"NADIE HABIA EN EL ESPEJO DE AGUA". EN LA CASA DE LOS SIETE VIENTOS
De su anterior obra "Justo antes del eclipse" (2010) a "Nadie había en el espejo del agua", la dramaturgia de Adrián Rodríguez, aquí autor y director, ha evolucionado.
Con la ayuda involuntaria de la siempre misteriosa Casa de los Siete Vientos, con su falsa entrada en un entresuelo, totalmente decorada y que luce muebles antiguos, con su verdadero escenario que es un salón en una casa de familia donde no están los muebles pero sí las butacas, un teatro que dirige imperceptiblemente un artista tan transparente y a la vez tan recoleto como Enrique Permuy, Rodríguez logra de entrada méritos de ambientación, luces y sonido. Como en "Justo antes del eclipse" tenemos una historia policial; pero si aquella podía incluirse en la crónica diaria, la historia de "Nadie había en el espejo de agua" logra una dimensión poética y casi metafísica. Hay también un paralelismo oscilante entre dos acciones que pueden haber ocurrido en distintas épocas; pero la duplicación aproximada de las tramas paralelas acrece con la segunda el misterio de la primera.

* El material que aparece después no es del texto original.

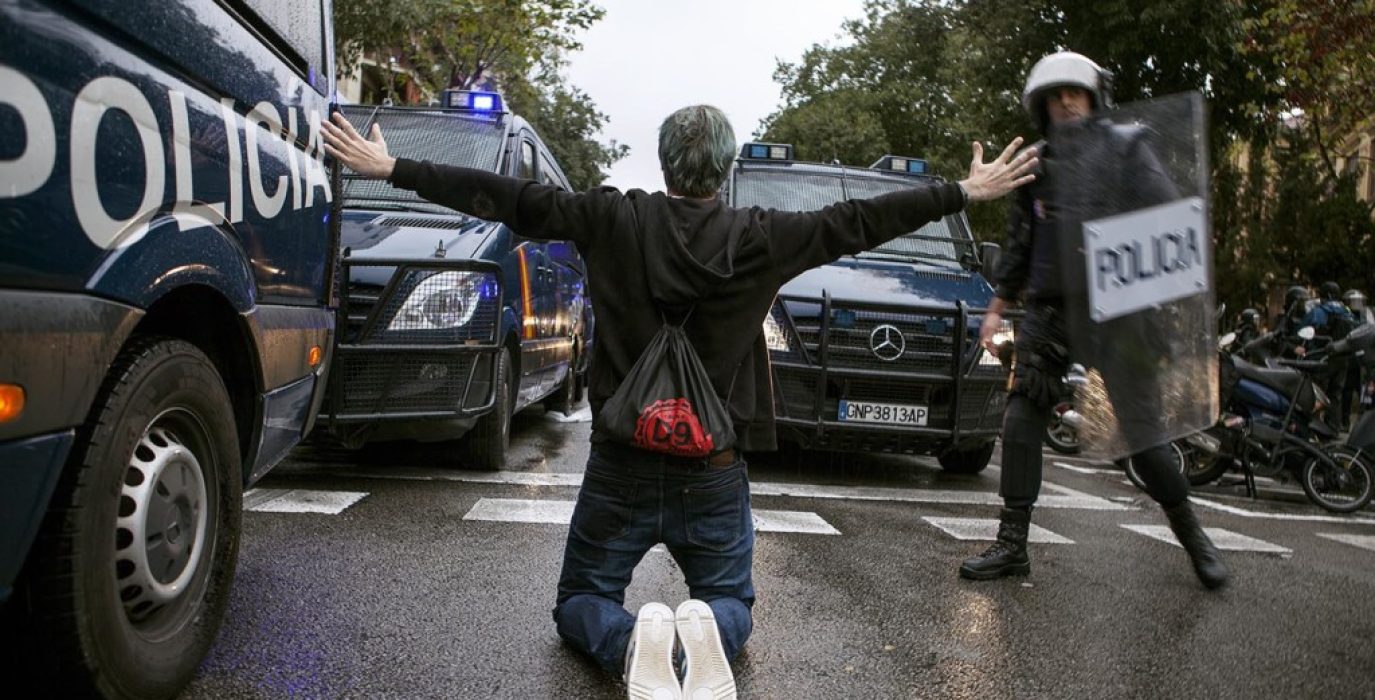 Un manifestante entre los furgones de la Policía española. Foto: Jone Arzoz (El Salto)
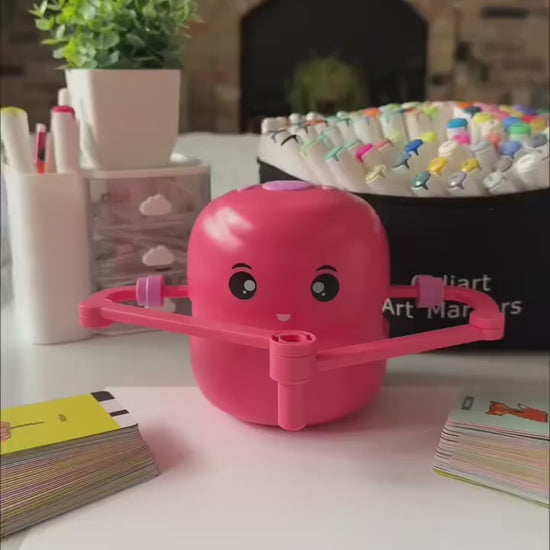 DoodleMate drawing robot drawing a flower, then a child colouring it in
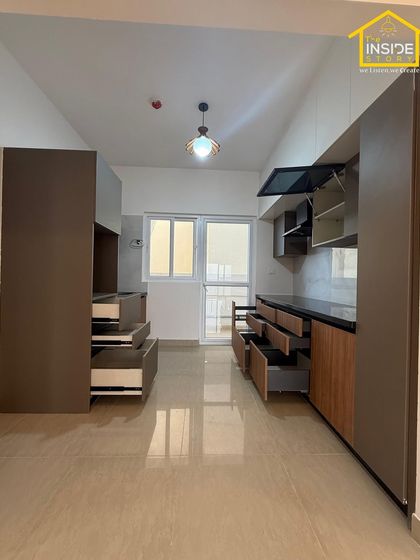 This image shows the full scope of a kitchen and utility area we designed, with ample storage, an open layout, and plenty of natural light.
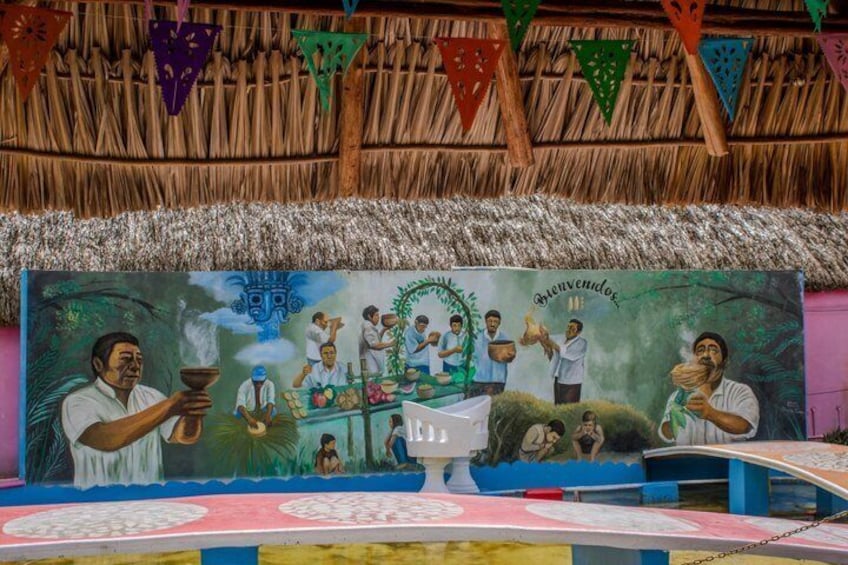 A mural with a tropical scene, a thatched roof, and colorful triangular flags. 5
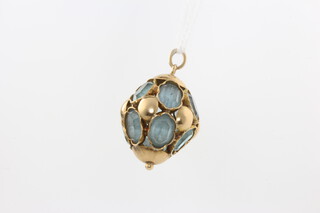 A 9ct yellow gold blue topaz charm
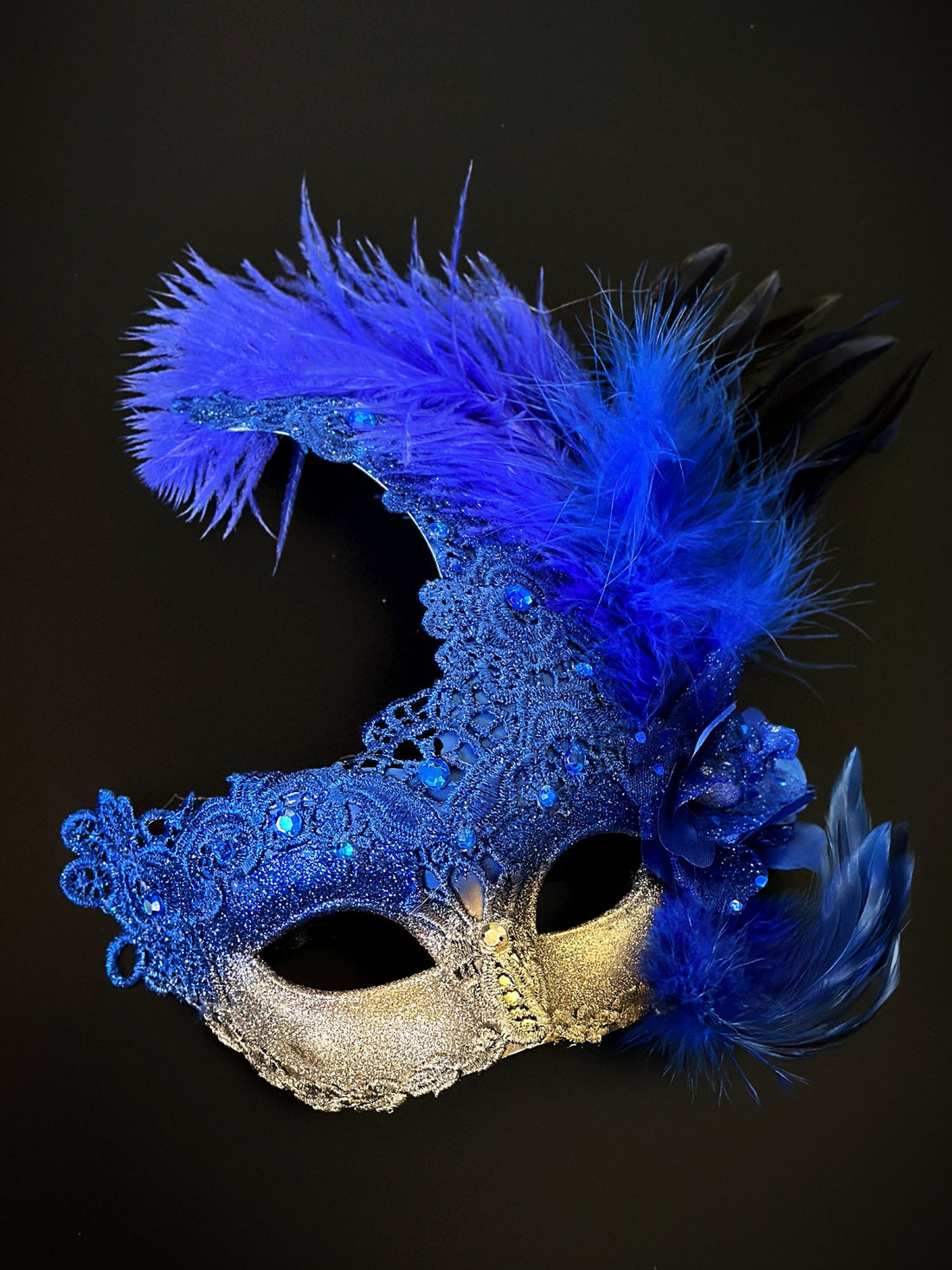 Blue and gold feather masquerade mask with lace, gems, and glitter.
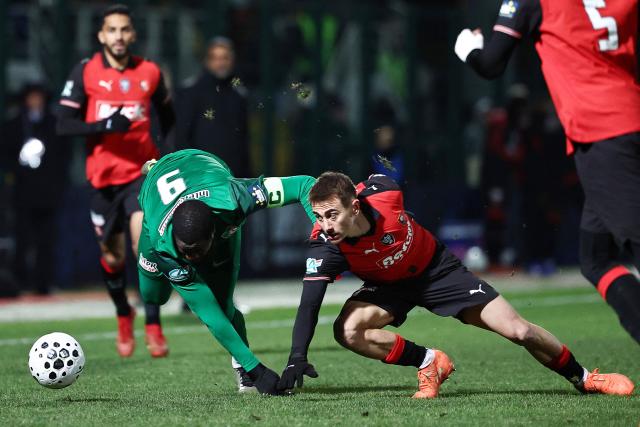 US Chantilly's French forward #09 Dramane Koné (L) fights fort the ball with Rennes' French midfielder #06 Valentin Rongier (R) during the French Cup round of 16 football match between Chantilly and Rennes at the Pierre-Brisson stadium in Beauvais, France on January 11, 2026. (Photo by Anne-Christine POUJOULAT / AFP)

Nada sucede explícitamente en un sueño, pero la obra se despega pronto de la tierra y la vida que describe alcanza la calidad ominosa de las pesadillas.
Es hasta ahora el teatro de Adrián Rodríguez un teatro de los mundos oníricos e individuales. Oníricos en el sentido en que Shakespeare postuló la esencial identidad de la vida con el sueño y la consiguiente, y muy extraña, indiferencia respecto de las cuestiones éticas. Repasando en la memoria los dos episodios, no encontramos en ninguno de los personajes un aspecto social. Hay un entorno, un pueblo excitado y fantasmal como los de Onetti, el más irreal de nuestros narradores, al que se cita en el programa de mano; pero es un pueblo que confina, define y al fin no nos abre las puertas que dan al mundo.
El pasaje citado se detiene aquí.